We continue our foray into the cinematic oeuvre of Mr Nicolas Cage with one of the strangest performances that he has given. And, in a career practically made on strange performances, for this to stand above the rest – you know it has to be strange. If you know anything about Nic Cage, you will have heard tell about him being somewhat of a method actor with this film being cited as a pretty big example; since this is the film in which he ate a real live cockroach on screen. Just for the hell of it (oh, I’m sure it was for the plot – but, let’s face it, with Nic Cage, we never truly know what to think). Anyway, today’s film is Vampires Kiss.
Vampires Kiss tells the tale of Peter Loew, publishing executive and playboy. During a series of rather halfassed and pathetic one night stands, Peter meets up with a strange woman (Jennifer Beals) and all seems to be going well until a bat flies into his apartment and he begins to fantasize that he may be turning into a vampire.
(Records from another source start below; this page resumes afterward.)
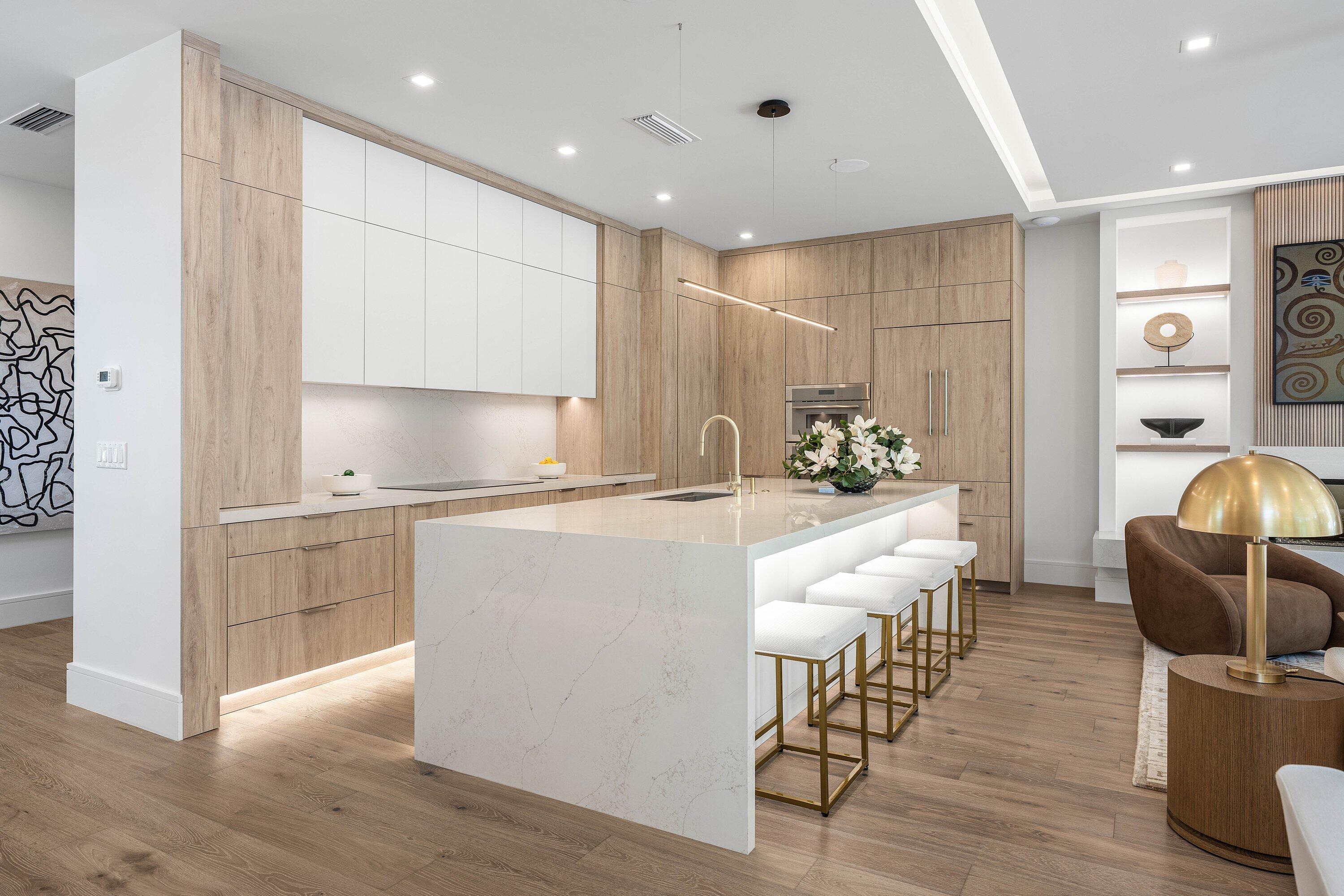 Modern kitchen with a large white stone island, light wood cabinetry, and four bar stools.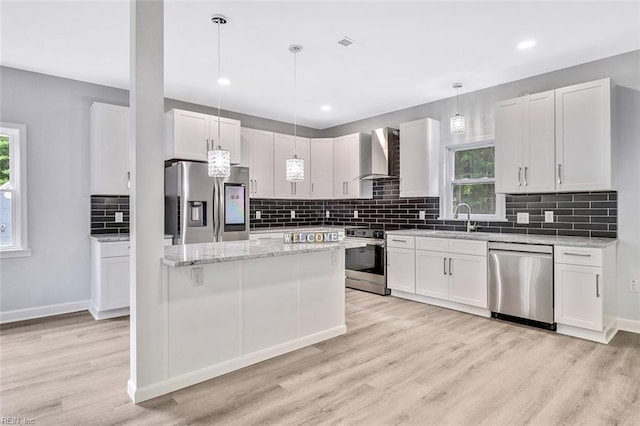 3502 Goodwin Neck Rd, Yorktown, VA 23692 - kitchen with stainless steel appliances, wall chimney range hood, a sink, light wood finished floors, and healthy amount of natural light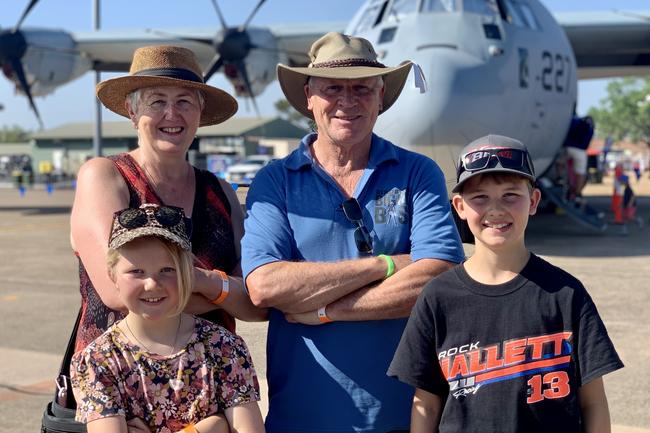 Channelling their inner Top Guns are grandparents Kae Densley and Greg Densley with Joni White, 8, and Tanner White, 10, from Victoria for the Chariots of Fire event at Hidden Valley but stopping by the Pitch Black Open Day at RAAF Darwin. Saturday, August 27, 2022. Picture: Tara Miko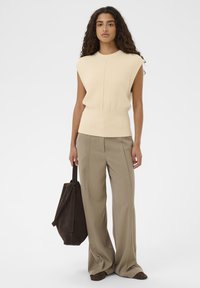 Frau mit lockigem Haar, die ein ärmelloses beiges Top und weite taupefarbene Hosen trägt, hält eine große dunkle braune Wildleder-Tasche.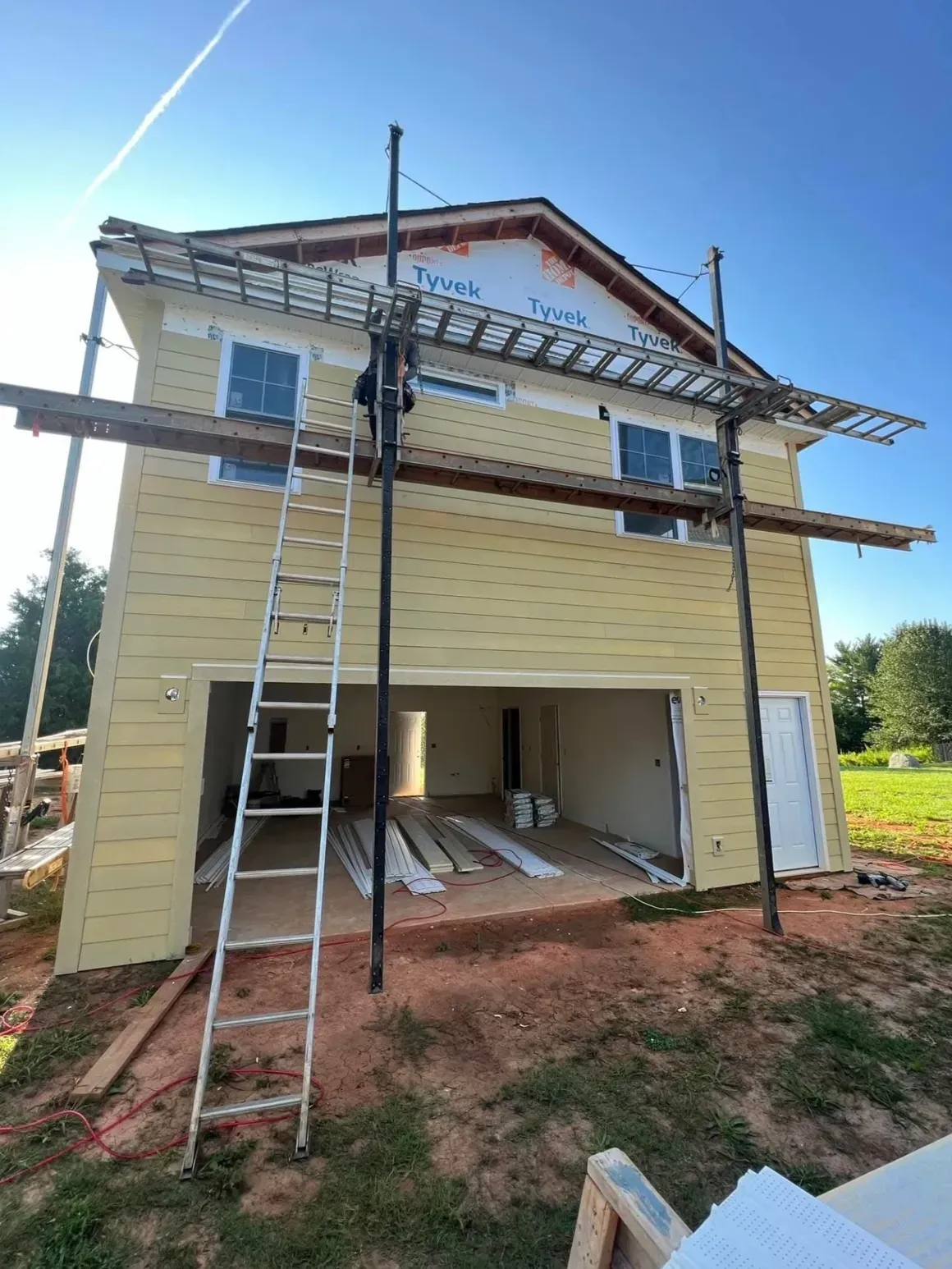 A yellow two-story house under construction with exterior scaffolding, a tall ladder, and exposed wood siding.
As his psychoses take greater and greater hold on his life, he starts to use his secretary, Alva (Maria Conchita Alonzo) as target, victim and foil for his various outbursts; scaring her to such an extent that she quits her job and enlists the help of her cousin to protect her after Loew assaults her in the basement of his office building while alternatingly hallucinating that he is giving himself to the strange woman he has come to believe is a vampire queen and begging Alva to kill him. Once he gives in to the fantasy that he has become a vampire, he returns to his life of trawling the clubs for sexual conquests, eventually “feeding” on a random young lass he encounters (or, to put it a more accurate way, killing her by biting her throat out). Eventually being driven mad by his own thoughts and action, he is found sleeping in a makeshift coffin (really, an upturned sofa) in his apartment by Alva’s cousin who, in a rage over the earlier attack, kills Peter with a stake through the heart.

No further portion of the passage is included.